══ Provided material ══
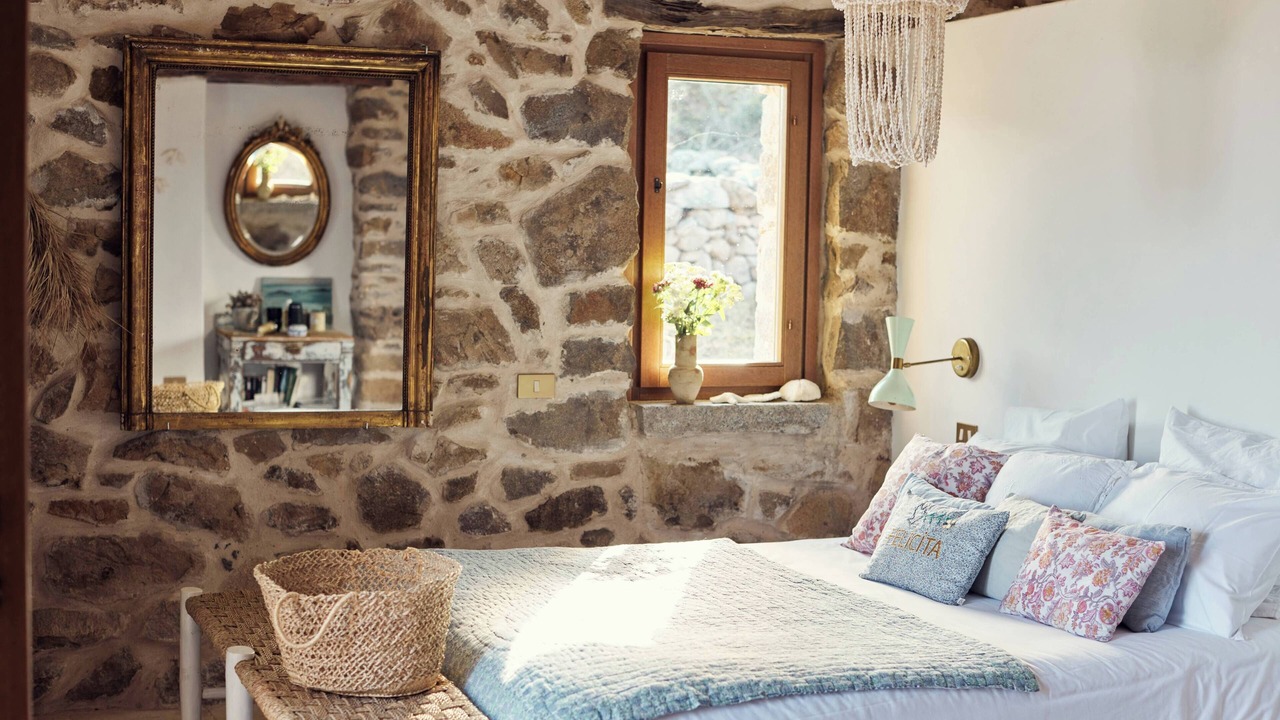 Photo of Bedroom in Paduledda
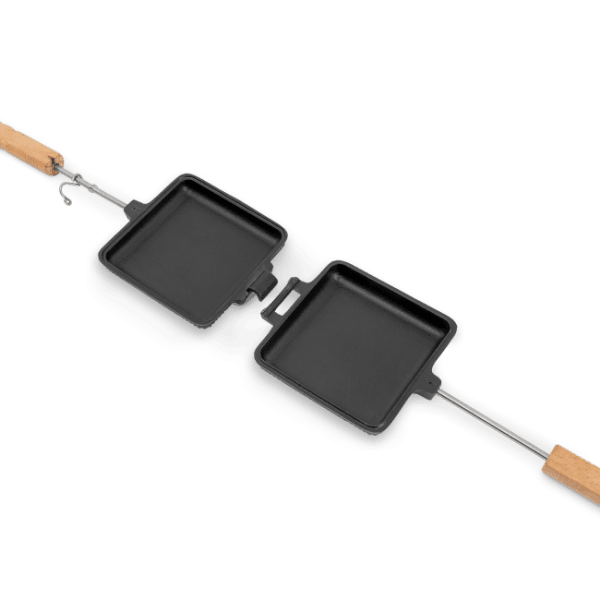 Petromax Sandwich-jern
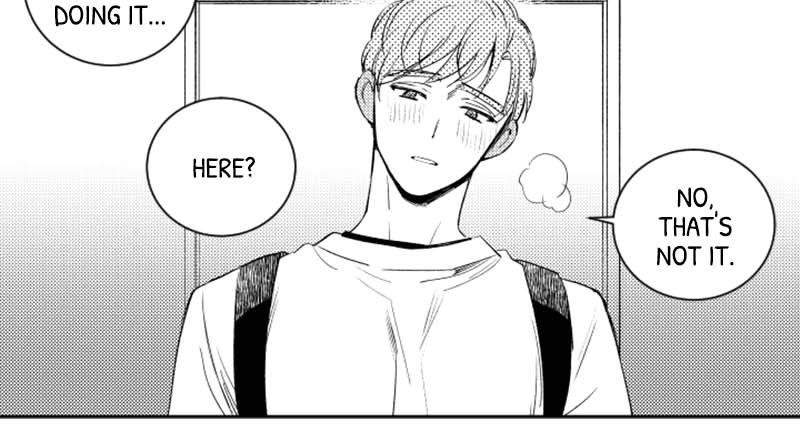 Who’s a Sweet Cheater? Chapter 49 page 9 -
═══
**Your assignment:** Give the data again exactly as written, with all pictures left out.

**Response area:**
 Photo of Bedroom in Paduledda
 Petromax Sandwich-jern
 Who’s a Sweet Cheater? Chapter 49 page 9 -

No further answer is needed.